Location
- 4321 Green Road Highland Hills, (Cuyahoga County), Ohio 44128 United States
- Coordinates: 41°26′39″N 81°30′53″W﻿ / ﻿41.44417°N 81.51472°W

Information
- School district: Buckeye United Schools
- NCES District ID: 3900237
- Authority: Ohio Department of Youth Services
- Superintendent: Donald Redwood
- NCES School ID: 390023704674
- Principal: Daniel Hanstein
- Teaching staff: 13.00
- Grades: 9–12
- Enrollment: 107 (2023-2024)
- • Grade 9: 9
- • Grade 10: 14
- • Grade 11: 5
- • Grade 12: 10
- Student to teacher ratio: 8.23
- Website: Correctional Facility Website

= Luther E. Ball High School =

Luther E. Ball High School is a high school in Highland Hills, Ohio, at the Cuyahoga Hills Juvenile Correctional Facility.

== History ==
Ohio's department of public works contracted with the Ohio Historical Society in 1967 to build "Cuyahoga Hills boys' school near Warrensville" for $2,470,000. Construction began in September 1967, with an opening date in 1969. Cuyahoga Boys School opened in January 1969. The Lancaster Eagle-Gazette said, "The school, embracing a new concept in correctional education, will serve first offenders... who have been committed from the 88 Juvenile Courts of Ohio."
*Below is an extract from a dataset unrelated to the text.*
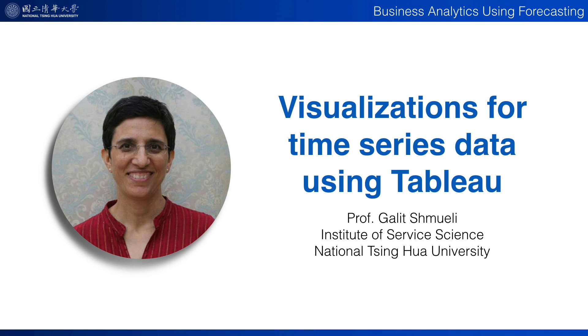In this video I'll show you some basic visualizations for time series data. The goal of visualizing time series is to identify patterns such as trends, seasonality, outliers, missing values, and irregular patterns.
In April 1969, Pfc. Luther E. Ball Jr., who was briefly at the school prior to enlisting in the U.S. Army, died in Viet Nam. At the end of September 1969, Buckeye United School District renamed the school "Luther E. Ball High School" to honor his memory.

== Description ==
According to the Ohio Department of Youth Services, "The facility is accredited by the American Correctional Association and provides a variety of services and treatment for youth, including a fully accredited high school and middle school." The department requires all youth prisoners who do not have a high school degree to participate in the educational program.

The school offers "a core curriculum, electives, student assessment and testing, guidance, and library services. Special education and supplemental intervention services are also provided, all to help prepare students for the Ohio Graduation Test or the GED".